Next we have a quick conversation about positional awareness. I
explained my instructor's philosophy (see my entry for Thursday,
August 12). Ed hadn't understood how I had gotten into the hold at
Tracy. In fact, he thought I had botched a teardrop entry by
turning the wrong way. At that point I explained the 'crisis hold'
technique. I explained that I had not turned the wrong way, I had
simply turned north--toward the protected side. He suggested
strongly that if a similar situation comes up during my check ride I
should explain it as I'm doing it.
He seemed surprised when I told him my check ride was the day after
tomorrow. I asked him what he thought of my chances. "Well," he
replied in his most diplomatic manner, "I didn't get a chance to do
air work with you, but from what I saw you fly well and the other
two approaches were fine. If you don't bust anything big like you
did today, you should do OK."
We chatted about this and that, he signed my log book, and we
parted. I could see that he didn't agree or approve of a couple of
points in my training, but to his credit, he didn't try to give me
last-minute remedial instruction. I appreciated that.

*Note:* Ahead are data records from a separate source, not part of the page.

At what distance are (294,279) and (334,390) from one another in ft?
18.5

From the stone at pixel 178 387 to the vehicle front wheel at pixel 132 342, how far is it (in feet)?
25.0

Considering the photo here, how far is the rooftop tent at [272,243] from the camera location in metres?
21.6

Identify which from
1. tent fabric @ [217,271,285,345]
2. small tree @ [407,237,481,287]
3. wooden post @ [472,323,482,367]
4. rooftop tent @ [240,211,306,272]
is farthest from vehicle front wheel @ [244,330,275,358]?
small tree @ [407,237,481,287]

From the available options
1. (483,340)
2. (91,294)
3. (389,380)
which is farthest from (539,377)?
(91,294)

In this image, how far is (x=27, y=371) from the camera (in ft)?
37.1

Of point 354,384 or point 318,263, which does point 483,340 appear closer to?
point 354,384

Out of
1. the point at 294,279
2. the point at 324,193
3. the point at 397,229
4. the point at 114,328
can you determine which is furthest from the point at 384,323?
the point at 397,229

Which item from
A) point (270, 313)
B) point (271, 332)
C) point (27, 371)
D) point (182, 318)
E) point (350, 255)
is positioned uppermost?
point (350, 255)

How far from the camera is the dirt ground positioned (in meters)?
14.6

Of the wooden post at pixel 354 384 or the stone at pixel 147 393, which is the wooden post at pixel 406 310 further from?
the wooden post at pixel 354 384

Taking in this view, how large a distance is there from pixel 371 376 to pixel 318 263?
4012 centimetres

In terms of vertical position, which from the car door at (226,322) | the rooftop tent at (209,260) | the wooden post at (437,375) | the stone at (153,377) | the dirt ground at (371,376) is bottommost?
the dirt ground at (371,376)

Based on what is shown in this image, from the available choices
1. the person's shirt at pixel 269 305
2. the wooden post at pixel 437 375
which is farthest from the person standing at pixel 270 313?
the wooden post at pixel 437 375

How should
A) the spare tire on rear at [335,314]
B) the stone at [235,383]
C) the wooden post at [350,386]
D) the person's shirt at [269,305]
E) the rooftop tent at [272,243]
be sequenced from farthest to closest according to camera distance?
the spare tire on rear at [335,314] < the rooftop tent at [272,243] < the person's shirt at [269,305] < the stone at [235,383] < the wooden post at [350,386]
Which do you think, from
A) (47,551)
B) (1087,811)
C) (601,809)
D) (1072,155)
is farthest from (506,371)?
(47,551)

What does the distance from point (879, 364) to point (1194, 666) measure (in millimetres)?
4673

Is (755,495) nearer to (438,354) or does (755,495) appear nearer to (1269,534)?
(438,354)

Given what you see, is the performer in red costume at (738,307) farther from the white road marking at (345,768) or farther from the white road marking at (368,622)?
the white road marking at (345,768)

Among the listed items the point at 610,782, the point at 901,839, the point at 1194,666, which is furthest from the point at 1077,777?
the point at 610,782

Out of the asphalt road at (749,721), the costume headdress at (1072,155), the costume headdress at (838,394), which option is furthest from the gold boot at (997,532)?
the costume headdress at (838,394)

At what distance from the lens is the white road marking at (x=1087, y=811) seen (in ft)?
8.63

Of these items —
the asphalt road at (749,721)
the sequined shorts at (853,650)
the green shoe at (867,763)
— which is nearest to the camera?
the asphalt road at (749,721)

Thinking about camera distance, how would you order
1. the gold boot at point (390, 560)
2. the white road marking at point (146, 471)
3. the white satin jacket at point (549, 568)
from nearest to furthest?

I'm sure that Ed didn't intend his assessment to be exactly a
ringing endorsement, but to me it was just that. I had busted, but
I had fought a good fight and I died with my boots on. Come Monday,
I might fail the check ride--but I will fail from lack of skill, not
lack of character.
Day Off: Sunday, Sept 19
I do some studying this morning, but largely spend the rest of the
day relaxing and trying to fend off neurotic thoughts. 'This is a
test of basic proficiency, not mastery,' I'd tell myself. From time
to time the devil would whisper horrible what-if's: partial panel
NDB approaches and 1-mile DME arcs. The angels of reason expel
these thoughts, and as I drop off to sleep I think, "I won't make
any mistakes. I won't beat myself."
I wake up every thirty minutes.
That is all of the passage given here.